START Data for this task

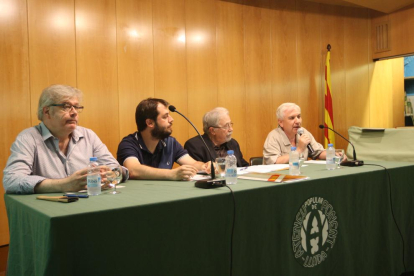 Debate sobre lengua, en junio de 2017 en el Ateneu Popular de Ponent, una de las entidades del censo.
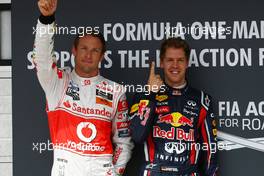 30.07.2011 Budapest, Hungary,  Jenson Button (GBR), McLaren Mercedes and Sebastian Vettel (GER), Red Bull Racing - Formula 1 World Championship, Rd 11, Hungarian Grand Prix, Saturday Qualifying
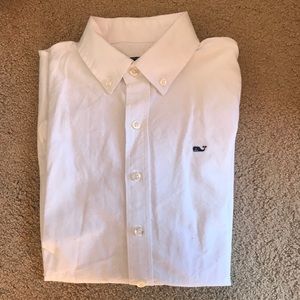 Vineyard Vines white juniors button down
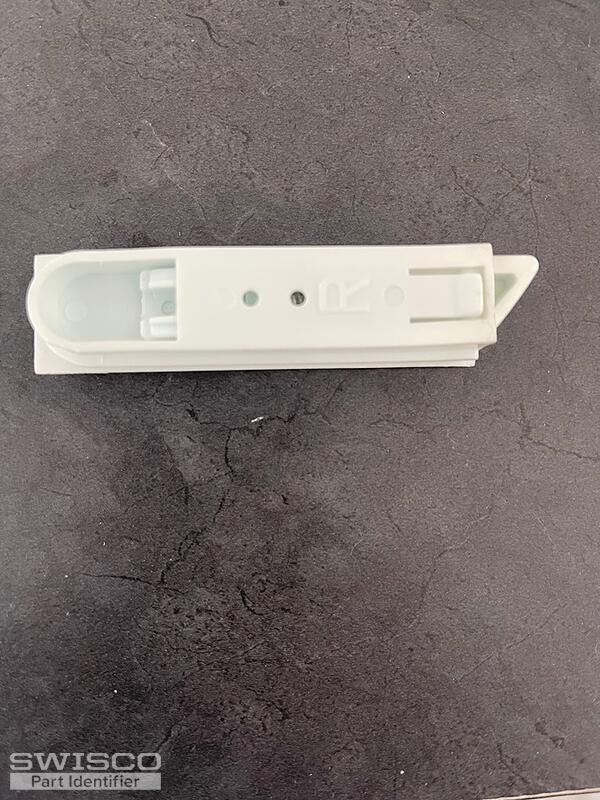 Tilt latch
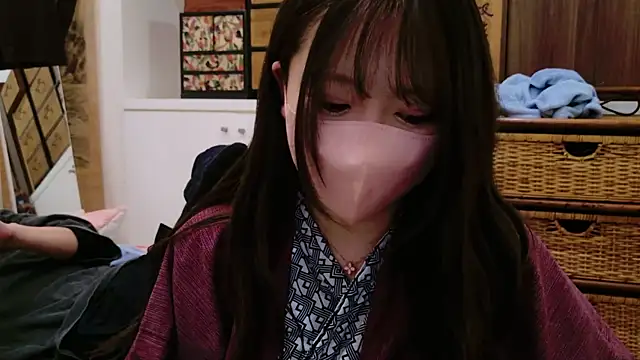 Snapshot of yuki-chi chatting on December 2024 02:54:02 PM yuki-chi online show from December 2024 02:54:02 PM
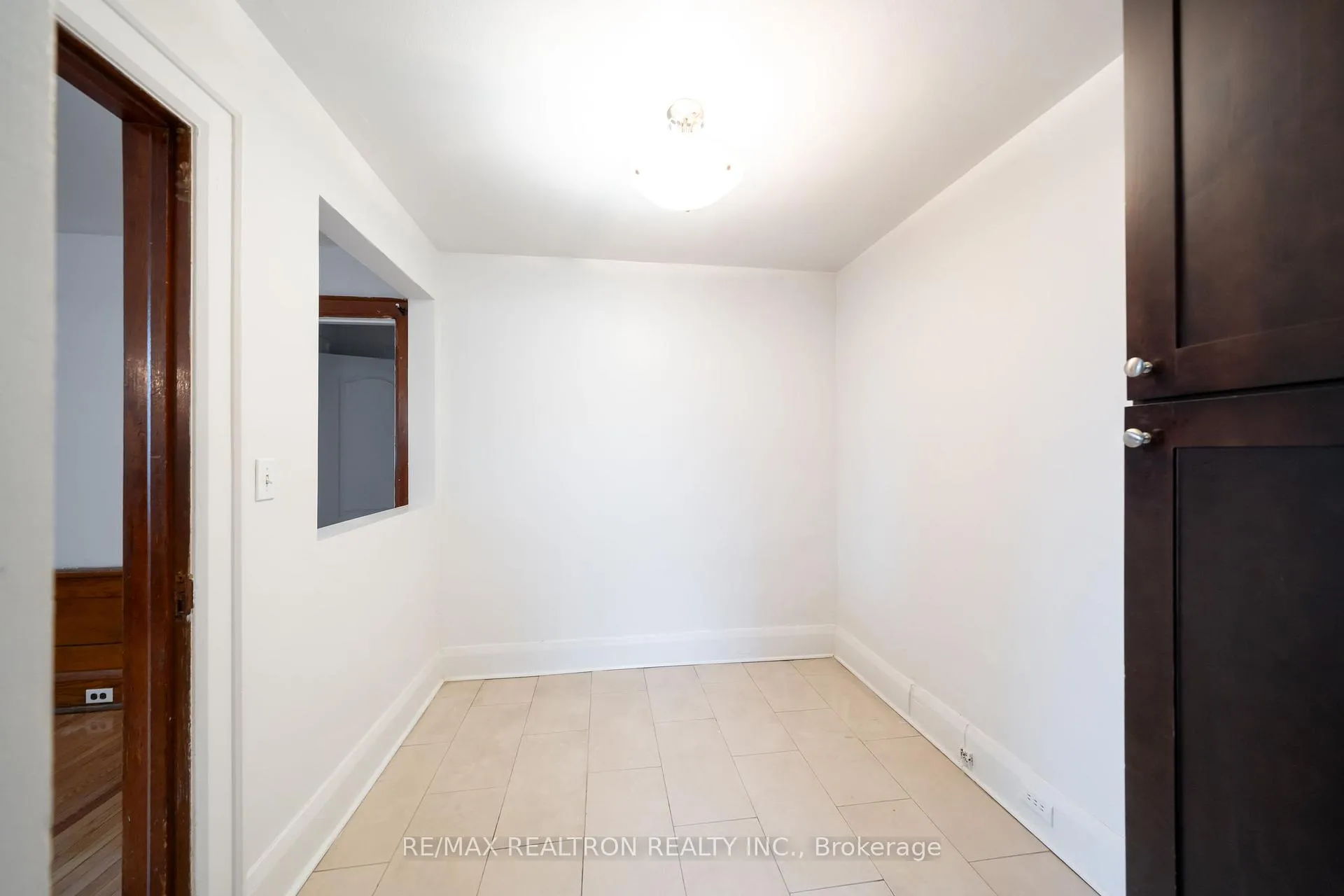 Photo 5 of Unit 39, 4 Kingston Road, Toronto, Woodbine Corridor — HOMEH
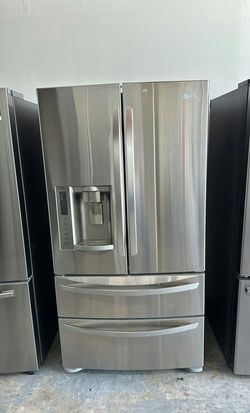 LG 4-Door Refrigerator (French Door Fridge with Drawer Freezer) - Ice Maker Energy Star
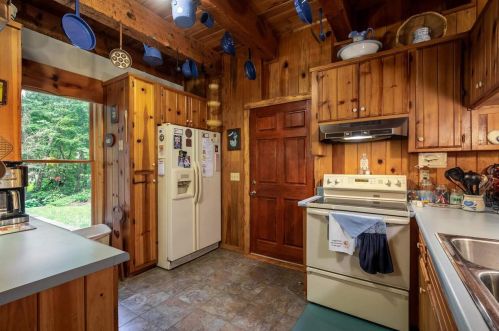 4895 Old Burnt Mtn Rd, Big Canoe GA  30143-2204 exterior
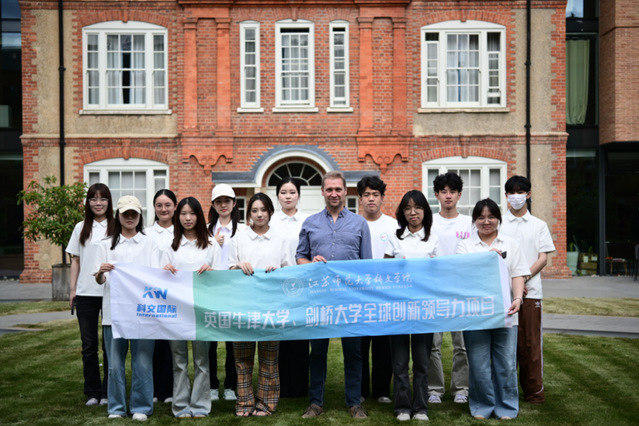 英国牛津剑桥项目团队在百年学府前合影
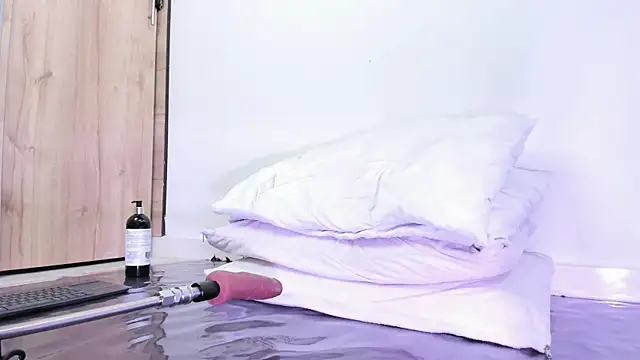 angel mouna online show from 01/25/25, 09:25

END Data for this task

*Required action*. From the line containing "Prix, Saturday Qualifying" down to the last line of the entries above, retype each line exactly as it stands, but skip the pictures.

*Answer to this problem*.
 30.07.2011 Budapest, Hungary,  Jenson Button (GBR), McLaren Mercedes and Sebastian Vettel (GER), Red Bull Racing - Formula 1 World Championship, Rd 11, Hungarian Grand Prix, Saturday Qualifying
 Vineyard Vines white juniors button down
 Tilt latch
 Snapshot of yuki-chi chatting on December 2024 02:54:02 PM yuki-chi online show from December 2024 02:54:02 PM
 Photo 5 of Unit 39, 4 Kingston Road, Toronto, Woodbine Corridor — HOMEH
 LG 4-Door Refrigerator (French Door Fridge with Drawer Freezer) - Ice Maker Energy Star
 4895 Old Burnt Mtn Rd, Big Canoe GA  30143-2204 exterior
 英国牛津剑桥项目团队在百年学府前合影
 angel mouna online show from 01/25/25, 09:25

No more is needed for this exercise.